Prove that T is diagonalizable if and only if the minimal polynomial of T has no repeated roots.
Clearly $T$ is diagonalizable if and only if we can decompose $V$ into a direct sum of eigenspaces $$V = \ker (T-\lambda_1I) \dot+ \ker(T - \lambda_2 I) \dot+ \cdots \dot+\ker(T - \lambda_k I)$$
since we can then take a basis of the form $$(\text{basis for }T-\lambda_1I, \text{basis for }T-\lambda_2I, \ldots, \text{basis for }T-\lambda_nI)$$ which yields a diagonal matrix representation of $T$.
You have already handled the direction ($T$ is diagonalizable $\implies$ minimal polynomial has no repeated roots).
Conversely, assume that the minimal polynomial $\mu_T$ has no repeated roots. Note that the above sum is direct:
$$x \in \ker(T - \lambda_i I) \cap \ker(T - \lambda_j I) \implies \lambda_ix = Tx = \lambda_jx \implies i = j \text{ or } x = 0$$
It remains to prove that every $x$ can be written in the form $x = x_1 + \cdots + x_n$ with $x_i \in \ker(T - \lambda_iI)$.
Using the partial fraction decomposition we obtain:
$$\frac1{\mu_T(x)} = \frac1{(x-\lambda_1)\cdots(x-\lambda_k)} = \sum_{i=1}^k \frac{\eta_i}{(x-\lambda_i)}$$
for some scalars $\eta_i$.
Define $$Q_i(x) = \frac{\eta_i \mu_T(x)}{x - \lambda_i}$$ so that $\sum_{i=1}^n Q_i = 1$ and $(x-\lambda_i)Q_i(x) = \eta_i \mu_T(x)$.

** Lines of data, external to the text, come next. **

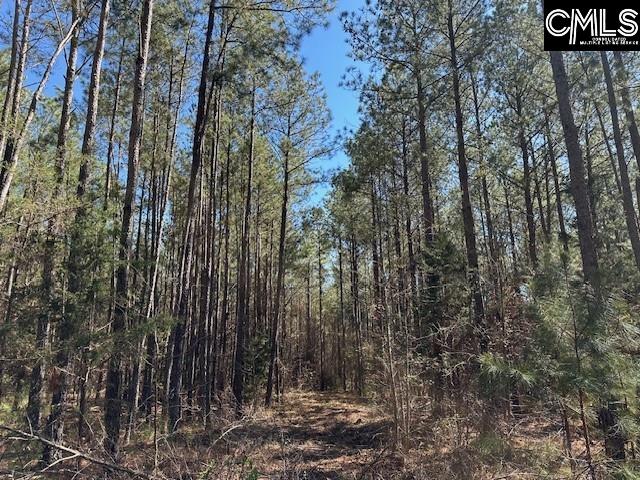 Barnes Station Road, Iva, South Carolina image 21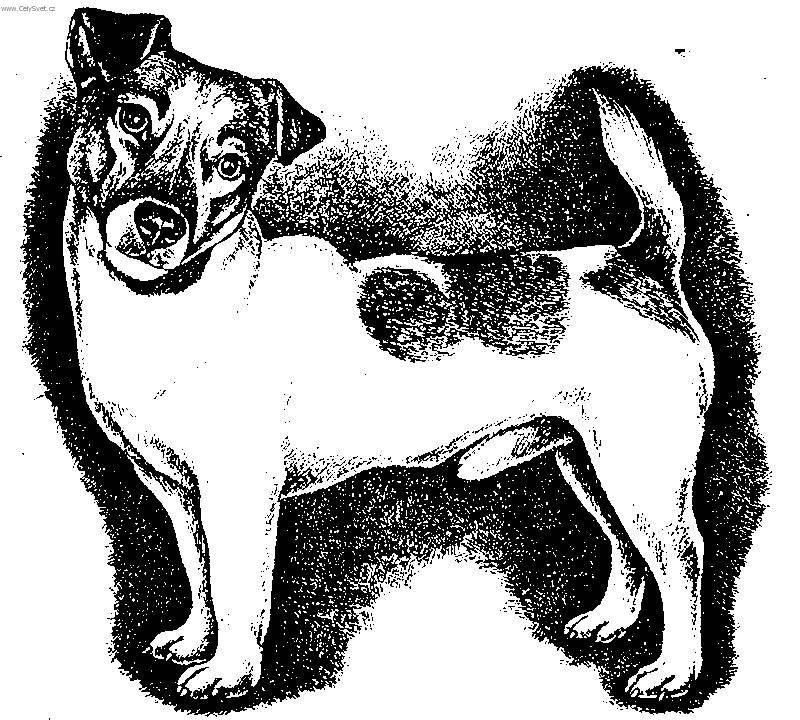 Foto: Parson Russel Teri�r-Kresba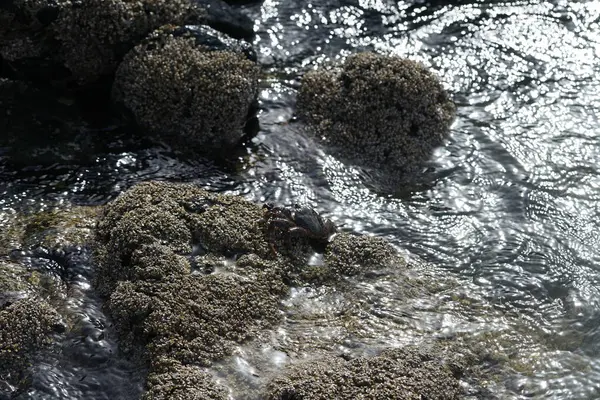 Grapsus tenuicrustatus yengeci Nisan ayında Khor Fakkan Sahili 'nde Umman Körfezi yakınlarındaki kayalara tırmanır. Grapsus tenuicrustatus (İnce kabuklu kaya yengeci, Natal lightfoot crab), başsız kabuklu bir yengeç türüdür. Khor Fakkan, Sharjah, BAE. 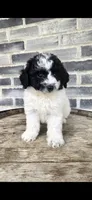 Oreo, a male Miniature Bernedoodle for sale in Grabill, IN – 2 of 10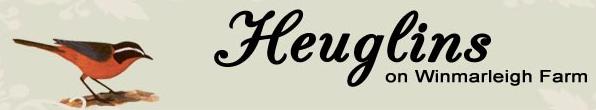 Heuglins - logo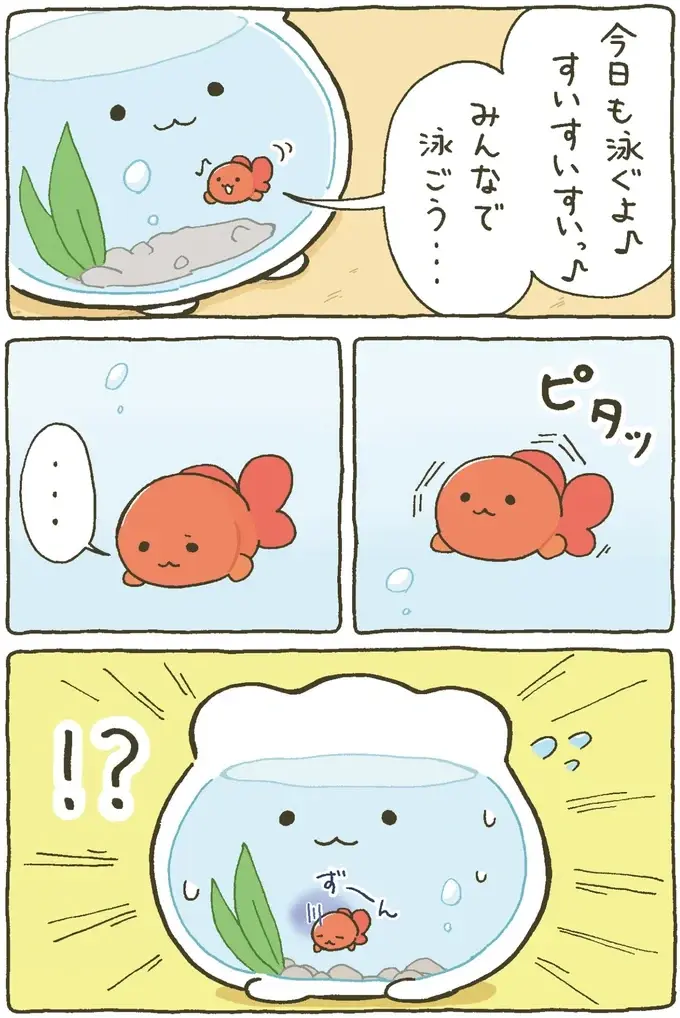 『金魚鉢ちゃん ずっといっしょのまいにち』（11）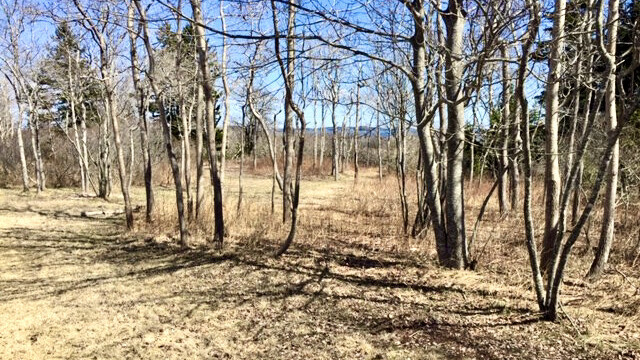 The Meadow on Cliff Island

Finally, notice that the desired decomposition is given by $$x = Q_1(T)x + Q_2(T)x + \cdots + Q_k(T)x$$
with $Q_i(T) x \in \ker (T - \lambda_i I)$ since
$$(T - \lambda_i I) Q_i(T)x = \eta_i \mu_T(T)x = 0$$
How short this proof can be made depends entirely on your background. Here's a short one that I hope will be accessible to you.
Background facts:
I'm going to assume you are familiar with the notion of a direct sum. In particular, if $T$ acts on $V$ and $V=W\oplus Z$ with $TW\subseteq W$ and $TZ\subseteq Z$, then $T$ splits over the direct sum, and we have $T=T|_W\oplus T|_Z$. Then if $m_X$ denotes the minimal polynomial and $p_X$ denotes the characteristic polynomial of $X$, then whenever we have $A=B\oplus C$, $p_A(t)=p_B(t)p_C(t)$, and $m_A(t)=\newcommand{\lcm}{\operatorname{lcm}}\lcm(m_B(t),m_C(t))$. We'll use these two facts.
Proof:
Now since you're familiar with the generalized eigenspaces, which I will denote $E_{\lambda_i}$, note that $V=\bigoplus_i E_{\lambda_i}$ and $TE_{\lambda_i}\subseteq E_{\lambda_i}$. Thus $m_T(t) = \lcm\{m_{T|_{E_{\lambda_i}}}(t):i\}$. However, $m_{T|_{E_{\lambda_i}}}(t)=(t-\lambda_i)^{n_i}$ where $n_i$ is the least integer such that $(T-\lambda_i)^{n_i}E_{\lambda_i}=0$, so they are all relatively prime. Hence, $m_T(t) = \prod_i (t-\lambda_i)^{n_i}$.
Thus the minimal polynomial of $T$ has no repeated roots if and only if the $n_i$s are 1. Then since $n_i$ by definition is the least integer such that $(T-\lambda_i)^{n_i} E_{\lambda_i}=0$, $n_i=1$ for all $i$ if and only if $T|_{E_{\lambda_i}}=\lambda_i$ for all $i$. And this is the case if and only if the generalized eigenspace is the eigenspace, hence if and only if $T$ is diagonalizable.
Alternative Methods:
Another approach would be to use Jordan canonical form, although I'm not sure whether or not you're familiar with it.